Le dépistage du cancer de la prostate par le dosage du PSA est dénoncé comme inefficace, depuis 20 ans, tant par les praticiens de terrain qui constatent son inadéquation avec la réalité clinique, que par les méta-analyses les plus rigoureuses.
Avec quelques généralistes, nous avons tenté de lutter contre la promotion exagérée de ce test par l’Association Française d’Urologie (AFU) et par l’industrie du diagnostic biologique.
Mais comment expliquer à un patient le contraire de ce qu’il entend sur tous les médias ? Je me souviens d’un « débat » sur France Inter, où les trois invités étaient tous des urologues de l’AFU ! Cela ne s’invente pas ! Comment expliquer que ce dépistage est une « perte de chance », si notre patient a été convaincu de l’inverse par un spécialiste urologue sans contradicteur.
Même les praticiens de tempérament « David » ont vite compris qu’il fallait mille fois plus de temps pour convaincre de l’inutilité du test que pour le prescrire, car « Goliath » s’était glissé entre eux et leurs patients. Le « paiement à l’acte » a certainement été le principal étouffoir de la polémique…

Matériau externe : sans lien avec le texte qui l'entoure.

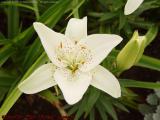 White Lily, Boston Public Garden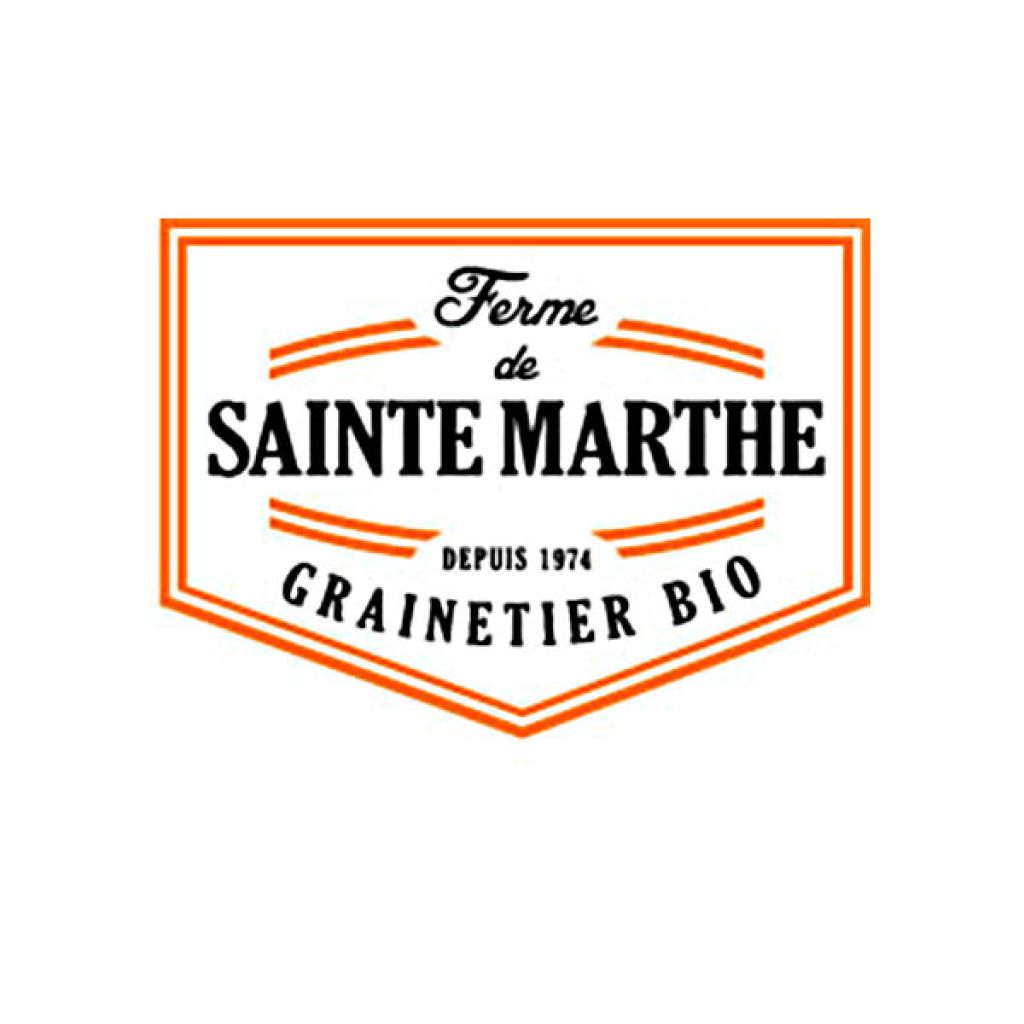 Carotte Yellowstone NT - Ferme de Sainte Marthe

Je me souviens, il y a quinze ans, avoir répondu à un proche de 81 ans, qui me demandait ce qu’il devait faire, car son PSA était positif. « Rien », lui ai-je dit, en déchirant sa feuille de résultats. Je ne me serais jamais risqué à un tel geste avec tout autre patient, car un médecin ne peut protéger que sa famille contre les excès de la médecine. Ce parent, aujourd’hui âgé de 96 ans, ignore où en est son PSA, mais il continue allègrement à conduire sa voiture de la même marque !
En 2010, la Haute Autorité de Santé (HAS) refusait définitivement la mise en place d’un dépistage de masse réclamé par l’AFU. Malgré cela, 75% des patients continuaient à réclamer leur PSA, alors que la participation au dépistage du cancer du sein, pourtant vanté par tous les ministères, ne dépassait pas les 53% !
En 2011, la HAS américaine recommande, avec un haut niveau de preuve, de ne pas dépister le cancer de la prostate avec le PSA, suivie par la France en 2012, même chez les hommes à haut risque ! La surprise a été telle que certains médecins ont demandé le retrait de ce texte, car ils ne sauraient comment l’expliquer à leurs patients ! Pour la première fois, dans l’histoire du dépistage en cancérologie, il existait une forte preuve de la supériorité de l’abstention sur l’action !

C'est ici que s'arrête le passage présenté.